Pour. Toute augmentation de l'âge de la retraite accroît l'inégalité entre les plus favorisés, qui ont à la fois une durée de vie plus longue et un travail moins pénible, et les moins favorisés. Une diminution de l'âge minimal de la retraite est donc une mesure de justice sociale, à condition que le montant de la retraite soit suffisant.
Le retour à l'âge de 60 ans pour le droit à la retraite est une mesure symbolique, et il faut des symboles. Celui-ci porte sur une mesure emblématique des "années Mitterrand".

L'idée sous-jacente est que le progrès économique rend possible une réduction de la durée globale de travail par rapport à la durée de vie, ce qui n'est pas absurde a priori.
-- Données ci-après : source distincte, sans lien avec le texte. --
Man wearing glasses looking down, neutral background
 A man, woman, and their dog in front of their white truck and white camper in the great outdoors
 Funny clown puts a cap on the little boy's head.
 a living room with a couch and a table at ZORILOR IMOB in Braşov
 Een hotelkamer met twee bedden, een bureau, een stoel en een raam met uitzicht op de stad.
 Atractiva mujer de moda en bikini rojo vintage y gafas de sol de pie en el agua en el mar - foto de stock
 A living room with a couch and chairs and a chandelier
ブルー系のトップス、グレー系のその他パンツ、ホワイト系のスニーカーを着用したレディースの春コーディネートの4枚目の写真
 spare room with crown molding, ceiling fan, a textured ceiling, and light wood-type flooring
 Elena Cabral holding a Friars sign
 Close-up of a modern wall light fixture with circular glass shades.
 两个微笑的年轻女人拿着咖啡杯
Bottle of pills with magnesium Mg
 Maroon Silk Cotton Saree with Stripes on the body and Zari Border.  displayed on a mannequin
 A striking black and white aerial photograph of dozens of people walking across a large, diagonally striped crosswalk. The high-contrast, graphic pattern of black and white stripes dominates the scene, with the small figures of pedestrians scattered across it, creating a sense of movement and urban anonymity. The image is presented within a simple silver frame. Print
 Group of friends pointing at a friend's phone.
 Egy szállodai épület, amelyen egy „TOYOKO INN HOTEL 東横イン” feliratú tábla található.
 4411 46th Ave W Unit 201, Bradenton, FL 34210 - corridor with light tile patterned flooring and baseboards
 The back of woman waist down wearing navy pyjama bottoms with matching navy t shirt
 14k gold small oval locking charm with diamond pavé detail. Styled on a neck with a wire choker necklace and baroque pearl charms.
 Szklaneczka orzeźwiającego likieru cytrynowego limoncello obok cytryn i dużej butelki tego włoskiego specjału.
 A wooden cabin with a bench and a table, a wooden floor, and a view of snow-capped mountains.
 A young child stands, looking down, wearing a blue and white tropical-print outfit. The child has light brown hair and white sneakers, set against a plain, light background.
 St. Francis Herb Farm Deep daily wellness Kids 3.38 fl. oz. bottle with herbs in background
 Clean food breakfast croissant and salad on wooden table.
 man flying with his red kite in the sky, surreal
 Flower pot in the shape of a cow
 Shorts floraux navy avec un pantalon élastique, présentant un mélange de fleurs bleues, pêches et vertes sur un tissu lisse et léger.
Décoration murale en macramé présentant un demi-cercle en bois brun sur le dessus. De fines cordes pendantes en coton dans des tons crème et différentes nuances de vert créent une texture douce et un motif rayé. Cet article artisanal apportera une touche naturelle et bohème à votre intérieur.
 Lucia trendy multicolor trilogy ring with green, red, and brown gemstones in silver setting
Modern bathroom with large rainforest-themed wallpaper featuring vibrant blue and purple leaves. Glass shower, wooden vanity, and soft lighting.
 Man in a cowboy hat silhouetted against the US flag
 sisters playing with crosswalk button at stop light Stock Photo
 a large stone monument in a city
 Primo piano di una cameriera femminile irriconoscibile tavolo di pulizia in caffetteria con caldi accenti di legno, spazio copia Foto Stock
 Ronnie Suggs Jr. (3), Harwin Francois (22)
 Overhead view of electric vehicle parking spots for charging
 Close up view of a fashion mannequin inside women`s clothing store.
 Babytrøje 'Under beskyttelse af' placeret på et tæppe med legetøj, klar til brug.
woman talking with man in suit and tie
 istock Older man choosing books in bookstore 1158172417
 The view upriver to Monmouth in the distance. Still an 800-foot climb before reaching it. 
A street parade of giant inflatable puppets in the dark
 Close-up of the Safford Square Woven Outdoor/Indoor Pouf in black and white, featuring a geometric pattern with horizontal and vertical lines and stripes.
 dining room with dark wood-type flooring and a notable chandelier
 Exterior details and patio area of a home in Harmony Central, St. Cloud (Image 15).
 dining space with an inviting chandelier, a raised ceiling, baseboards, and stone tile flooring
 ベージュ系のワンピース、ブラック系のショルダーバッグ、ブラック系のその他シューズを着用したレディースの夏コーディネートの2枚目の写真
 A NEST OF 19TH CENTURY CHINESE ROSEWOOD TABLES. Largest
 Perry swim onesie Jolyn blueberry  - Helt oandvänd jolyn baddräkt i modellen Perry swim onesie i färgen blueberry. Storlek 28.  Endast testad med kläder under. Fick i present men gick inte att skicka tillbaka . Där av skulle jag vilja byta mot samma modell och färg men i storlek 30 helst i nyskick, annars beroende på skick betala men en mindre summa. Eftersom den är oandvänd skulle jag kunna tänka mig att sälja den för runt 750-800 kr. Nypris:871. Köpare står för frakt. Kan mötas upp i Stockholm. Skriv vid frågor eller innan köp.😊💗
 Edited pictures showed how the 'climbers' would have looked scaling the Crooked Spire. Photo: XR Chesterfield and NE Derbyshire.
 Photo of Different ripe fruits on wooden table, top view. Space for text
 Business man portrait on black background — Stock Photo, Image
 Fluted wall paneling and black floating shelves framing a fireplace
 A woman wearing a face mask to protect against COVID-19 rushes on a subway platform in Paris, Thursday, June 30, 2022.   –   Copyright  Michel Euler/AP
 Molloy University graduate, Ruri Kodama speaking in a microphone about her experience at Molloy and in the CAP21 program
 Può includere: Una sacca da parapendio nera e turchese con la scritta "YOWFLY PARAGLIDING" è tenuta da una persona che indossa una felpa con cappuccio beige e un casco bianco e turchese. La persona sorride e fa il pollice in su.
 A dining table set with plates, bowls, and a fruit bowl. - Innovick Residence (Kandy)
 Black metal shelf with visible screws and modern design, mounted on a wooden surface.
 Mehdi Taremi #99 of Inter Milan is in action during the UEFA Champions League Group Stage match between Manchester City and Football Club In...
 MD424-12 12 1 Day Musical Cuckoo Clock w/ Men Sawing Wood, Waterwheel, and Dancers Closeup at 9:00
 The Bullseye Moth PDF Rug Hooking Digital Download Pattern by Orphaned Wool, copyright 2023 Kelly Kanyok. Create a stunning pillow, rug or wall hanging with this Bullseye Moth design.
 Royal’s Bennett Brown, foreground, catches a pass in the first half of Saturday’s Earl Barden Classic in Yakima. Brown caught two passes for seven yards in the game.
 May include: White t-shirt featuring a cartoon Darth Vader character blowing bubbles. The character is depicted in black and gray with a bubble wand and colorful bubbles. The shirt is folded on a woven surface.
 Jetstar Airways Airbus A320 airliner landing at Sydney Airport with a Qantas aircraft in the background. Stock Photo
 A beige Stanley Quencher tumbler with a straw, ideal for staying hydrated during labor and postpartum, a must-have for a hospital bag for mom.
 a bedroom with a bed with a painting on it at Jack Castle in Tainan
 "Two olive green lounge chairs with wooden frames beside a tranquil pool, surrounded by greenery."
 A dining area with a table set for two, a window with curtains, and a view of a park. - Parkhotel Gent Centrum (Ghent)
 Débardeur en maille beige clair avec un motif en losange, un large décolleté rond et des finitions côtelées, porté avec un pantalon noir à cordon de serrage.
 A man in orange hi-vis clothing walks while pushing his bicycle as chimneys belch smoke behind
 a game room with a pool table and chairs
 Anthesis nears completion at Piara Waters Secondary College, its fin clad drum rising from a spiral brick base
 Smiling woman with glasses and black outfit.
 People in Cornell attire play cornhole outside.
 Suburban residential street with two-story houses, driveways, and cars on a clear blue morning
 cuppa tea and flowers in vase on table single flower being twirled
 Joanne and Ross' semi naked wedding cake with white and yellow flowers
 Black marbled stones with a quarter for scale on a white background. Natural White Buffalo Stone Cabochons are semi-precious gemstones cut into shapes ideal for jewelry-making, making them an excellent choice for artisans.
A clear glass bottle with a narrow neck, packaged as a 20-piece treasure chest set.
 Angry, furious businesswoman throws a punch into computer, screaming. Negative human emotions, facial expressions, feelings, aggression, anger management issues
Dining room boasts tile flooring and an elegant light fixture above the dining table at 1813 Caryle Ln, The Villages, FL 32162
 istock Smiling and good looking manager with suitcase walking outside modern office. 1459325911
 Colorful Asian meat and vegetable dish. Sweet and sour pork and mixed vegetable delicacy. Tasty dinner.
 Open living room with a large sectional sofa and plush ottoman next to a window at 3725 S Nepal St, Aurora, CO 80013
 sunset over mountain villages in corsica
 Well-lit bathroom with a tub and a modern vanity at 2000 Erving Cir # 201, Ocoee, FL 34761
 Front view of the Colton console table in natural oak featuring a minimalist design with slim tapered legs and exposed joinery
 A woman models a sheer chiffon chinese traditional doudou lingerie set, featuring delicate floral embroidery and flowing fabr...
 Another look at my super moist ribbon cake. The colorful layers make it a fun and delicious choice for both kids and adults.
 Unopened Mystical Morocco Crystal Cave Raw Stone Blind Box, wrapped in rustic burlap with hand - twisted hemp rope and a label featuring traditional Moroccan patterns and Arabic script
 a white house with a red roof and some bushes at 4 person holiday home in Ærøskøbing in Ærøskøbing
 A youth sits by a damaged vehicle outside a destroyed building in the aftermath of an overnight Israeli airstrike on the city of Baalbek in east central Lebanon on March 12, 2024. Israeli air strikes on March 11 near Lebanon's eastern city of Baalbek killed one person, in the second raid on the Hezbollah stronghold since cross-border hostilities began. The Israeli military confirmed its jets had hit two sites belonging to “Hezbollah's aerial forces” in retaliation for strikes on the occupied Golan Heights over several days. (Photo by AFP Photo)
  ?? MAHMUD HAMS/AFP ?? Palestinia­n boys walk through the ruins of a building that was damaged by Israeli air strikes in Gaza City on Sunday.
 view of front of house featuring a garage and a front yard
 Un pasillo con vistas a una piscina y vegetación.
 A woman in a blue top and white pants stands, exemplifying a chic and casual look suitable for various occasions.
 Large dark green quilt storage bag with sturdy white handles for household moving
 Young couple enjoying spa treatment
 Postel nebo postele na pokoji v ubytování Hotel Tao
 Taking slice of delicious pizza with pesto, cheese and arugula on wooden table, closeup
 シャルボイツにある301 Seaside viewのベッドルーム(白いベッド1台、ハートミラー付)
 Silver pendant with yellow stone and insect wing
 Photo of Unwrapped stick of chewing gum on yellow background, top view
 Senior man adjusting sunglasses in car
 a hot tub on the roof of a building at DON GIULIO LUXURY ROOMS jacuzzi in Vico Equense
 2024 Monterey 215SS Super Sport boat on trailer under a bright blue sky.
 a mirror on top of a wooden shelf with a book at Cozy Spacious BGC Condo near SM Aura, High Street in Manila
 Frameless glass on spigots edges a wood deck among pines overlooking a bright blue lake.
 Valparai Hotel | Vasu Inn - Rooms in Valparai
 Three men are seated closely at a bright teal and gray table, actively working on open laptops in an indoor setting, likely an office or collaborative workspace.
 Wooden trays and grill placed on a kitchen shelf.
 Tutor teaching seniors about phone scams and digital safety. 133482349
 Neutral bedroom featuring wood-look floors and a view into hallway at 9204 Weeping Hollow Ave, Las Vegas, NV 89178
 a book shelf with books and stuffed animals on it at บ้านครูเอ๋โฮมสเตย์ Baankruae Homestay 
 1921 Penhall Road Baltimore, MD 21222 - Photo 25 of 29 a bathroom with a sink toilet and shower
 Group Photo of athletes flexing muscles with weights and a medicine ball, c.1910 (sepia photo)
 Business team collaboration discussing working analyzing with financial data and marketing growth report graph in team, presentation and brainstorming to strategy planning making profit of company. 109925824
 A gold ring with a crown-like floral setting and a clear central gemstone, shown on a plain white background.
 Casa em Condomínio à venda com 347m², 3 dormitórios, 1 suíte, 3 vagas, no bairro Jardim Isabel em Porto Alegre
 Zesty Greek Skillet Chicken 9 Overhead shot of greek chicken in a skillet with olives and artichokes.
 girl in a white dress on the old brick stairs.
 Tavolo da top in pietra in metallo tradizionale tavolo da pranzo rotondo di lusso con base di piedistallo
Contre. Accroître la durée relative de la retraite par rapport à la durée de vie totale aurait un coût : il faudra donc que le PS précise comment elle sera financée, et/ou quelles seront les contreparties.

La mesure pourrait susciter des espoirs qui seront in fine déçus, car on ne voit pas comment la pension servie à 60 ans pourrait être égale à celle servie à 62 ans pour tous les salariés.

Une évolution en sens inverse de celle de nos partenaires européens pose question.

Conclusion. Donner aux salariés plus de choix pour arbitrer entre l'âge de départ à la retraite et le niveau de la pension va dans le bon sens. La mesure ne sera socialement juste et économiquement acceptable que si, en pratique, elle est ciblée sur les moins favorisés en termes de niveau de salaire et de pénibilité du travail, et ne se traduit pas pour eux par une diminution des pensions. Plus généralement, il faudra que les conséquences de cette mesure soient évaluées et expliquées de façon complète et transparente.